Python is a high level language – meaning that the code which the programmer types into to create the program is more like natural human language than code written to control machines. This not only makes things simpler for the programmer, it means others are more likely to understand the code if they want to use it themselves. The high-level, human-like code is converted into machine code which is understood by machines, through a piece of software known as an interpreter.
This means that programs written in Python can be run on any computer operating system which has an interpreter for it – which is pretty much all of the operating systems you are ever likely to come across! This means that code can be ported between projects and organisations even if the people running it are using completely different hardware (as is often the case in projects using open source technologies). Because of the huge amount of support it has from the open source community, it also has very good support for a large number of file and database formats, which it can directly read from and write to.

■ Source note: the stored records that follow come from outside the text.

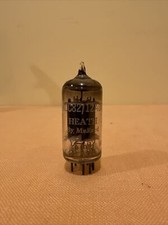 Tubo ecc82 12au7 heath - ecc82/12au7,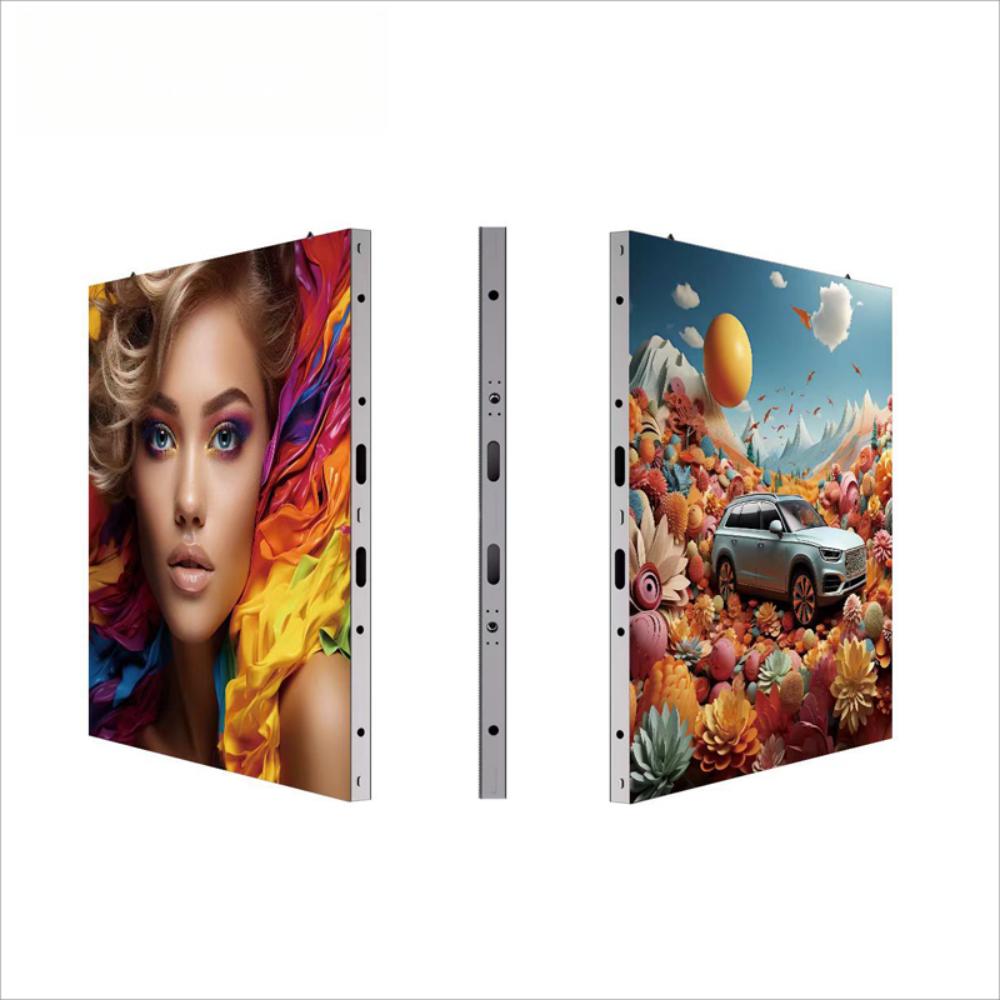 P2.604 Ultra-thin Double sided LED Display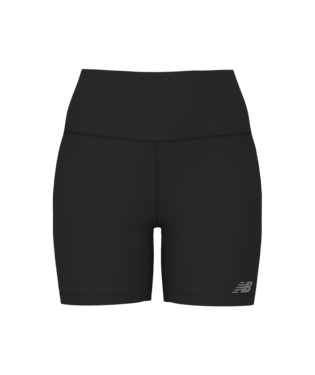 New Balance Women's Harmony High Rise Short 6-1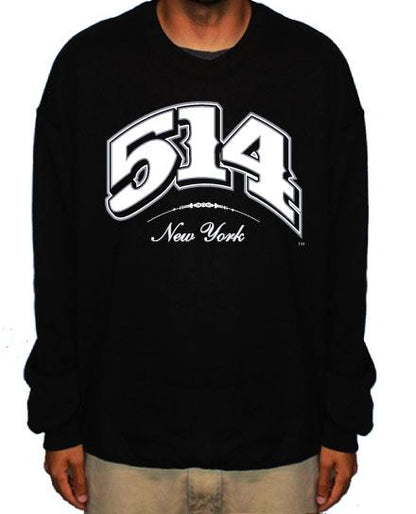 514 Area Code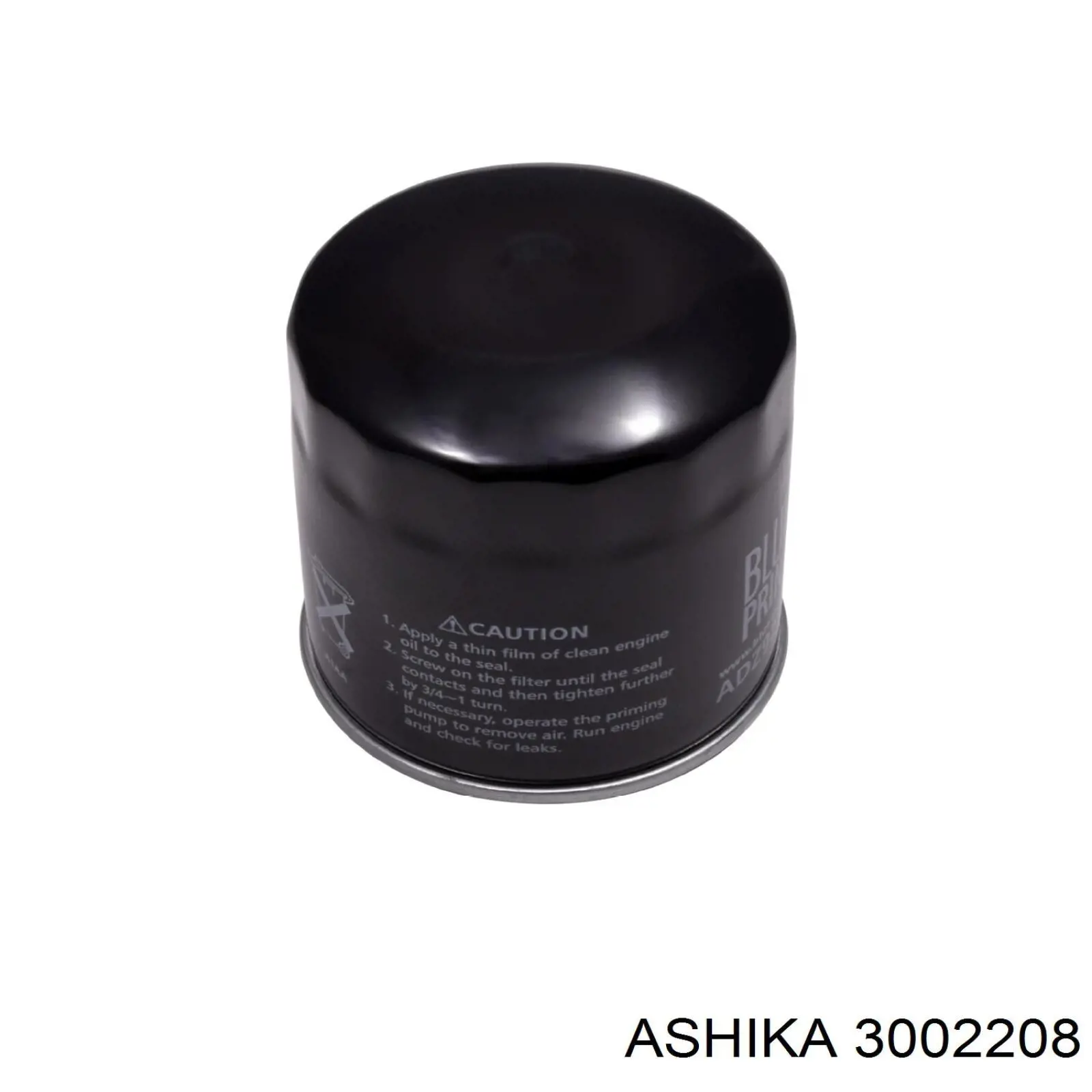 Топливный фильтр 3002208 Ashika
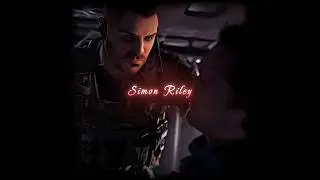 Makarov Know Ghost Identity | Dont Stop Simon Ghost Riley 4k Edit #simonghostriley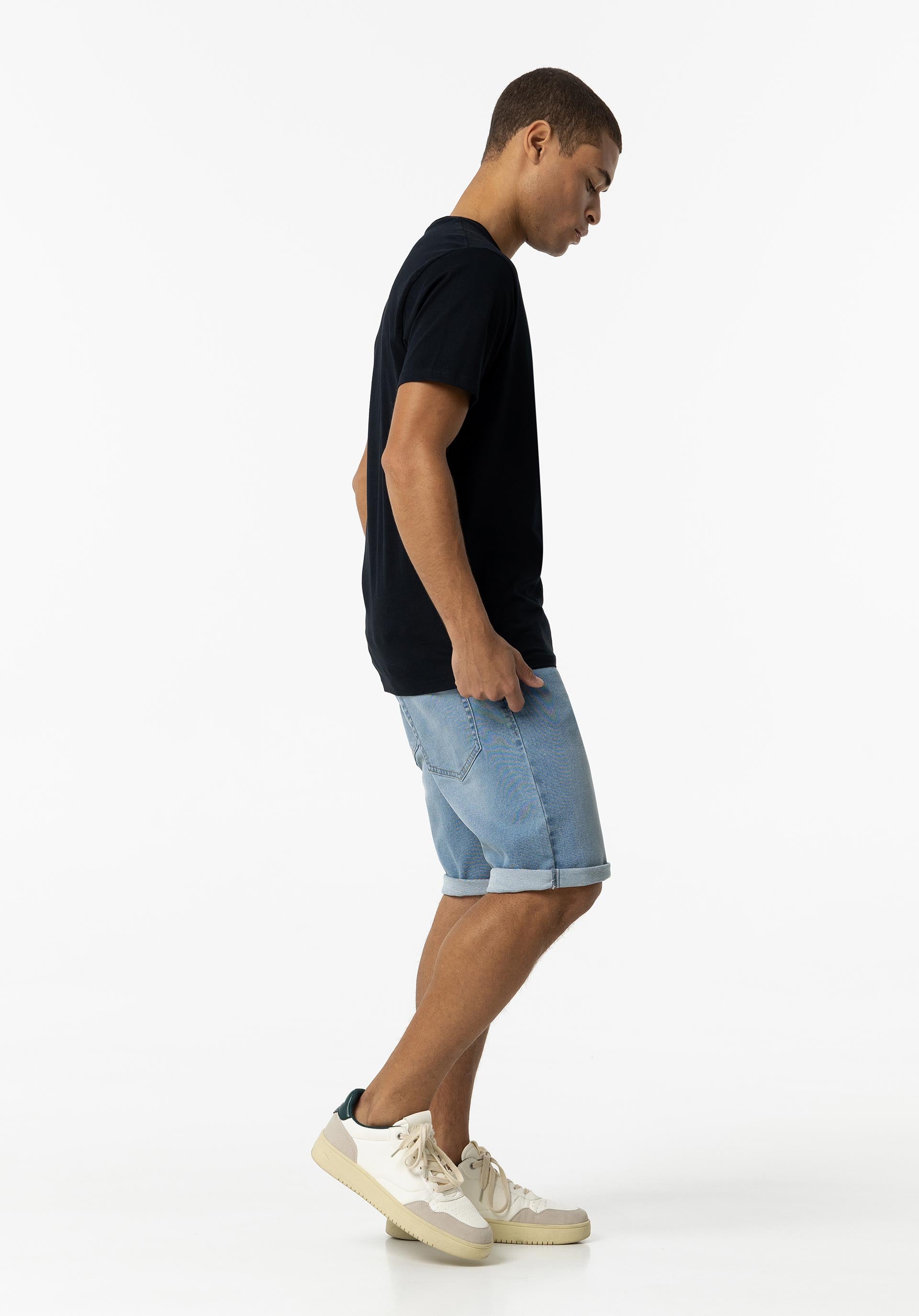 Short Tiffosi Hombre 10054415 Regular_22 C10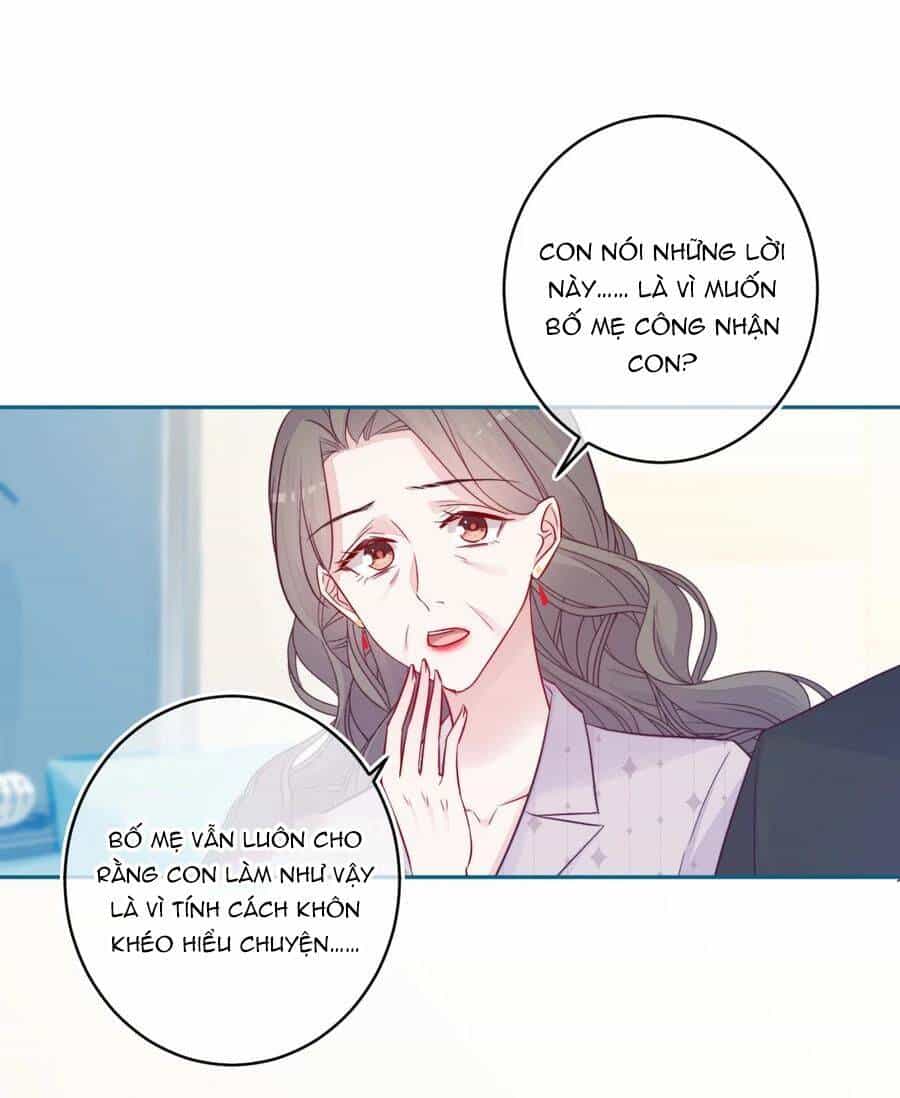 Khi Cô Gái Nhìn Thấy Thời Gian - Chương 26 - ảnh 46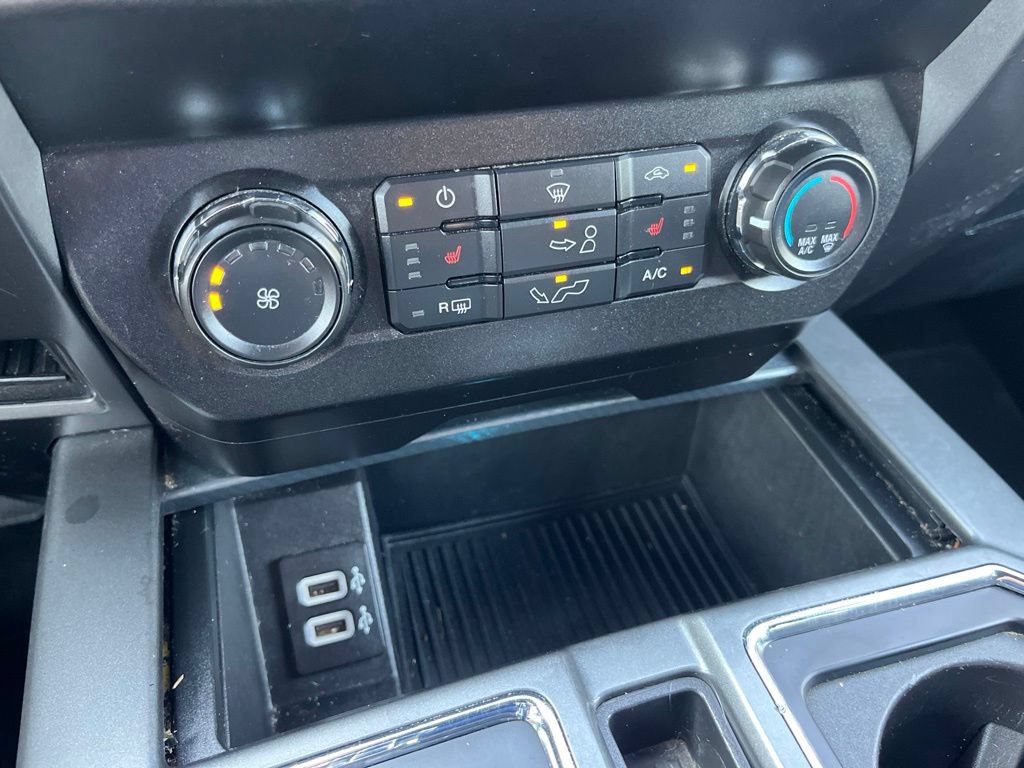 Used 2019 Ford F150 XLT w/ Equipment Group 302A Luxury AWD/4WD image 22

Aside from its ease of use and portability, one of the features which has made it particularly popular with developers working on Big Data projects is the powerful libraries available for it. These are mostly extensions to the functionality that can be created in programs written in the language, and many programmers have created powerful and versatile tools and algorithms specifically designed at manipulating the large amounts of data that come with Big Data initiatives.
Another feature is that it is great for creating scalable systems – in fact it is used for creating much of the back end, data-processing functions of Google, Youtube and Facebook. As well as constantly increasing in size, these services need to be constantly updating and adding to their functionality. With giant operations such as these, programmers need an environment where new code (features) can be integrated on-the-fly without disruption of the service to users. Python is ideal for this as it is designed for use in “agile” environments where new features need to be added on-the-fly, first in a limited way for testing, and then rolled out across the entire system.
So, that’s just a quick and basic overview of what Python is, and why it’s so popular with programmers working on data projects. If you want to learn more, there are a lot of resources online, and a good place to start is Python.org (mainly written for programmers or people with some knowledge of programming conventions). If you want to learn how to use Python, there are plenty of great, free resources too, such as Code Academy and Coursera.